The New York Times Wants Us to Rewrite the Bible

How can the religious community live in peace and harmony with the LGBT community? New York Times columnist Frank Bruni has the solution. Just rewrite the Bible.

In his April 3rd column, “Bigotry, the Bible and the Lessons of Indiana,” Bruni, himself gay, recognizes that Christian beliefs are not necessarily grounded in hatred. The problem, he claims, is that, “beliefs ossified over centuries aren’t easily shaken.”

 The New York Times Wants Us to Rewrite the Bible

Bruni, for his part, wants to shake us free from our fossilized faith.

According to Bruni, who evidences little or no understanding of how believers view the Scriptures (namely, as God’s inspired Word), if we hold to the view that homosexual practice is sinful, this is our “decision” and “choice.”

So, ironically, whereas homosexuality was once considered a choice, now what we believe about homosexuality is a choice.

After all, he argues, the belief that homosexual practice is sinful “prioritizes scattered passages of ancient texts over all that has been learned since—as if time had stood still, as if the advances of science and knowledge meant nothing.”

So, Bruni thinks he can simply dismiss the Scriptures as “ancient texts,” explaining that “all writings reflect the biases and blind spots of their authors, cultures and eras.”

But for devout Jews and Christians, the Scriptures are not just any writings, full of biases and blind spots.

If that was the case, there would be no basis for our faith whatsoever and no absolute moral foundations of any kind.

Forget about homosexuality.

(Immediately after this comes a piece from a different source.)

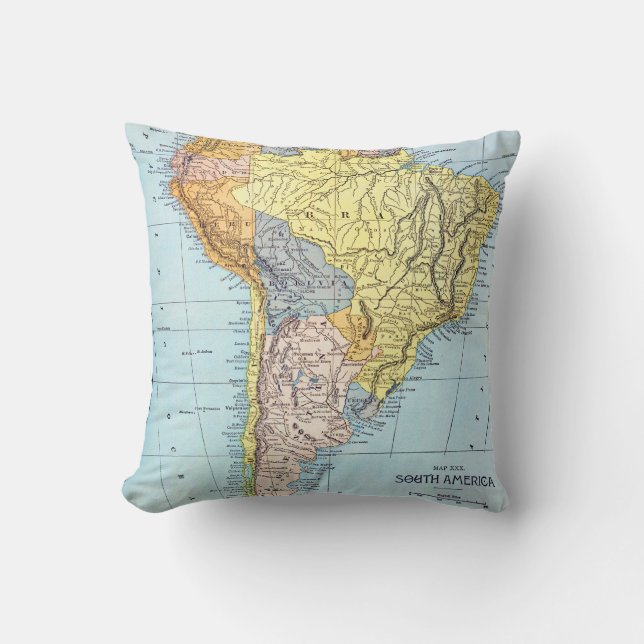 Coussin L'AMÉRIQUE DU SUD : CARTE, c1890 (Recto)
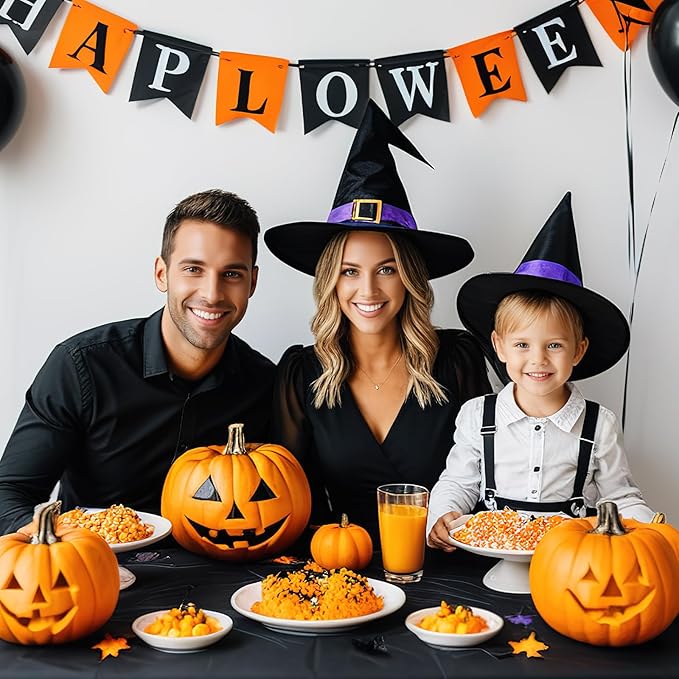 CIEOVO 12 Pack Halloween Plastic Tablecloth Black Orange Purple Color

We would have no reason to hold to any of the fundamentals of our faith if Bruni’s description was accurate.

Not only so, but Bruni wrongly claims that for those of us who hold to the authority of the Bible, “the advances of science and knowledge” mean “nothing.”

To the contrary, all the scientific advances in the world cannot determine what is or is not moral, and there’s nothing we know today that changes our view that God did not design men to be with men and women to be with women. The new interpretations of Scripture that the “progressive” Christians are touting (and which Bruni applauds) are not based on new textual or archeological or linguistic discoveries. They are based primarily on emotional arguments, since there is nothing in the Bible that supports homosexual practice.

Bruni also repeats the common misconception that there are just a handful of “scattered” texts that deal with homosexual practice.

To the contrary, every law dealing with marriage and family, every positive example and precept, every illustration in the Bible about sexuality morality is based on heterosexual relationships (see, for example, Gen. 2:24; Ex. 20:12; Matt. 19:4-6; Eph. 5:22-33).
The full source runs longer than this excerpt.